ディーラーに出向いて、営業マンからクルマを買う。長い間、私たちはそうやってクルマを購入してきた。
その従来のクルマの買い方を変えるかもしれないのが、バーチャルリアリティ(VR)である。VRを使ったセールスサポートツールの開発と販売を手がけるスタートアップ、Auto VRの吉田博紀さんを迎え、これからのクルマ購入(販売)のあり方について考えてみた。
Z世代の西川昇吾が考えるクルマを買うというアナログ
文・西川昇吾/写真・淵本智信
対談を終えて感じたことを一言で言い表すのであれば、「日本の自動車という経済コミュニティは伝統と新技術の共存が重要」ということだ。今、日本では長年自動車に使われている内燃機関に関して、技術開発の継続も含めて必要性が訴えられている。ただ、日産「サクラ」や三菱「eKクロスEV」などの一定の成功を見ていると、軽乗用車にBEVを搭載するのはひとつの最適解かもしれない、とも思う。日本の自動車市場の進化のためには、内燃機関という伝統とBEVという新技術が共存し、ユーザーに複数の選択肢を提供できることが重要なのだ。
今回のAuto VRも自動車の販売現場で見てみれば同じようなことが言える。VRは実車への具体的なイメージを固めるサポートツールであり、営業スタッフが要らなくなるゲームチェンジャーではない。製品を造る、モノを売るという活動は常に競争して進化していかなければいけない。
例えば販売現場でAuto VRを導入することは、顧客に喜ばれるサービスの1つで、導入することで他のディーラーと差を付けることが出来る。

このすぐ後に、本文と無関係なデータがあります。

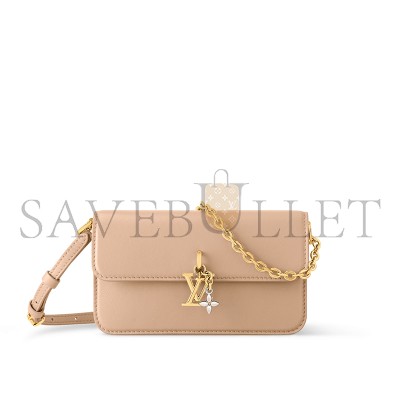 LOUIS VUITTON WALLET ON CHAIN LV BLOOM M14581 (20*11*4cm)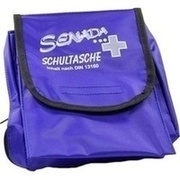 Erena Verbandstoffe SENADA SCHULTASCHE LEER, 1 St.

しかし、クルマの購入というのは1人のユーザーにとって大きなことだ。そんなときに誰かクルマに詳しい人に相談をしないのは怖いという気持ちが、保守的な日本人にはあるはず。だから対談にもあったように、最後は「人」からクルマを買いたい人が多いと思う。VRという新技術と営業スタッフという伝統が共存していくのだ。
新車で言えば販売会社があって、近所のディーラーがあって、馴染みの営業スタッフがいて…それが日本のクルマの売り方・買い方の伝統と言って良いだろう。Auto VRはその伝統を支えていくツールというのが筆者の見方だ。自身も「新車を買うならこのお店で買いたい」というのはスグに思いつく。
筆者はこれまで新車購入の経験はなく、中古車しか購入したことはないが、付き合いのある新車ディーラーはいくつかある。どのディーラーも記事執筆の際に、「あの新型モデルは店頭でどんな反応?」といった質問にいつも協力的に答えてくれる。だから新車を購入するなら、やっぱり彼らから、つまり「人」から買いたいと思うのだ。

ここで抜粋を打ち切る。